Buen ejemplo de esta situación creativa es esta propuesta claramente diferenciada en dos partes. En la primera topamos con ese reconocible discurso del Kusturica bullicioso y juguetón, ya que mientras atruenan los cañonazos del conflicto que dinamitó los balcanes, el cineasta es capaz de dibujar escenas en las que el esperpento adquiere una dimensión mágica. A medida que avanza la trama, y mientras pierde fuelle ese demoníaco y extraño reloj austro-húngaro armado con manecillas y engranajes afilados, la película se pierde por derroteros místicos que poco o nada ayudan en la resolución de un filme que parece dictado por una brújula errática. Desprovista de esa fiereza inicial, la historia se torna en una interminable huida que coquetea con lo onírico y lo místico y en la que el autor muestra una gran tosquedad. En resumen, prefiero a la salvaje Sloboda Micalovic disparando a diestro y siniestro contra traficantes de menores y mientras baila sobre una mesa, que la lánguida presencia de Monica Bellucci huyendo hacia la nada.

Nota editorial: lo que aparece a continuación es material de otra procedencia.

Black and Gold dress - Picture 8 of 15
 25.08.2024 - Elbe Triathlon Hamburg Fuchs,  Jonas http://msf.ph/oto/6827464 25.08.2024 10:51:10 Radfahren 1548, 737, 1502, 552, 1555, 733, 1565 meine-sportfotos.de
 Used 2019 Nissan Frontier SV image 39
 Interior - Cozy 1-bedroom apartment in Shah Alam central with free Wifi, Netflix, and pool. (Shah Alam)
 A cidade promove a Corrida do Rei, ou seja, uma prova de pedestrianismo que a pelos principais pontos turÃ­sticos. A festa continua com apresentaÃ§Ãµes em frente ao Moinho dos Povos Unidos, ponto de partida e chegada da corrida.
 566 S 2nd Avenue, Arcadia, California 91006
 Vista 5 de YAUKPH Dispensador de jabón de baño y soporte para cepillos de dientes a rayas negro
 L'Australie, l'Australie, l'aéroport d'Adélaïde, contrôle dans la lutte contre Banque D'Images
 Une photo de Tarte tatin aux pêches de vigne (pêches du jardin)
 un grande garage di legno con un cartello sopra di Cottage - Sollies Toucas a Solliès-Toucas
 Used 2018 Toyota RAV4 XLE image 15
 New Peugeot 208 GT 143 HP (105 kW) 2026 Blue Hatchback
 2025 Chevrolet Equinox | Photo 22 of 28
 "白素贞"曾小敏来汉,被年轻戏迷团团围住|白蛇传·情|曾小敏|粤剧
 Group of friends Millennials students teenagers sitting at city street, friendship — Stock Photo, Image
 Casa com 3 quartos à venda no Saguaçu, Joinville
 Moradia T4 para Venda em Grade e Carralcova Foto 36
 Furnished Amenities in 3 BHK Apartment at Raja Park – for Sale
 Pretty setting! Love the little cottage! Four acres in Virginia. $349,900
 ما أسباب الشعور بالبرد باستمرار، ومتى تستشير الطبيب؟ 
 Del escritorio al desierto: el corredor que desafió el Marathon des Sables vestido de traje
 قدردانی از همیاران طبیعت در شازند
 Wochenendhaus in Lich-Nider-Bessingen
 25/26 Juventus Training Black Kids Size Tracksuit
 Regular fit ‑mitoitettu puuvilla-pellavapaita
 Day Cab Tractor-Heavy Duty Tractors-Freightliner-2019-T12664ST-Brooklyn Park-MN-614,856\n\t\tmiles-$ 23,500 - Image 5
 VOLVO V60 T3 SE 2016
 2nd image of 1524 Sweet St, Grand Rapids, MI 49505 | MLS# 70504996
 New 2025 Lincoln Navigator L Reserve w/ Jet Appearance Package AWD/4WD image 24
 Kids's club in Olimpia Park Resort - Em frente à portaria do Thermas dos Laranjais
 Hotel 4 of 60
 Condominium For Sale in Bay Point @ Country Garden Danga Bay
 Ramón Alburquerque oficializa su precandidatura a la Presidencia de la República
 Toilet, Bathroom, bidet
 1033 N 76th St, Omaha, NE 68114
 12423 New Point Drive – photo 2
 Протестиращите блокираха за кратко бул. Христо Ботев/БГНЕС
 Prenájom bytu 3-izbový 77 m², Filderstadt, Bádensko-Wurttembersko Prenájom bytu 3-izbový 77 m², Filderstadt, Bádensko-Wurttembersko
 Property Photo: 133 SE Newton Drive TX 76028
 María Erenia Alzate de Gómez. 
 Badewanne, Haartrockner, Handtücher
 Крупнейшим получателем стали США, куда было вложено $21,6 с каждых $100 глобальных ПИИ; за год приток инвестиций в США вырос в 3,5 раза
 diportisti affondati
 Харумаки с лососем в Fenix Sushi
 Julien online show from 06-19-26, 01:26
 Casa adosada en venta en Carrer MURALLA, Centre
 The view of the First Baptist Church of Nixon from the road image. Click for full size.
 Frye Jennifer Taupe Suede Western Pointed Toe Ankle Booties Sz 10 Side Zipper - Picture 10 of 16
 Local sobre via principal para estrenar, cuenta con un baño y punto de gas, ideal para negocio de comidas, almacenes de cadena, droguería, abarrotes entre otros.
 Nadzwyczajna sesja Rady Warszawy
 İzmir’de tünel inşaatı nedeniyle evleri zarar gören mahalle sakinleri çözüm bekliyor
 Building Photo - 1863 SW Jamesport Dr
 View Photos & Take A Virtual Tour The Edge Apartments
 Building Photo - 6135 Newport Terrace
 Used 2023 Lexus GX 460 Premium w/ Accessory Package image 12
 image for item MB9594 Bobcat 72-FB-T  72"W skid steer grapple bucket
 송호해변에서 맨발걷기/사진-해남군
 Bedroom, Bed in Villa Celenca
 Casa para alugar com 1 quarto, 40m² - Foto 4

Para colmo de males, el propio Kusturica asume el peso excesivo de un rol protagónico que resuelve mediante un rictus pétreo con el que pretende transmitir la impermeabilidad emocional de quien ha padecido en sus propias carnes el horror de la guerra. Una licencia interesante pero que mantenida a lo largo y ancho de la narración, acaba por lastrar las intenciones que manejaba al comienzo y que se ve agravada por la inserción de secuencias un tanto caprichosas en las que asoma un toque fantástico resuelto con una tosquedad casi infantil y que tiene en la secuencia de Bellucci vestida cual princesa Disney por pajaritos de colores uno de sus momentos más preocupantes.
Teniendo presente que el autor de obras como “El tiempo de los gitanos” no ha querido más que ampliar el metraje del corto que incluyó en la película coral “Words with Gods”, nos queda la duda de saber cuáles serán las futuras intenciones de este autor necesitado de nuevos vientos inspiradores que inviten al espectador a adentrarse en un universo que siempre se intuye interesante, sobre todo cuando está presidido por el hechizo gitano y lo imprevisible acapara protagonismo hasta transformarse en una contagiosa locura. Lamentablemente, en la actualidad ni siquiera se escucha el tímido eco de los sonidos que nos legó Goran Bregovic, ahora todo está en manos de la familia Kusturica.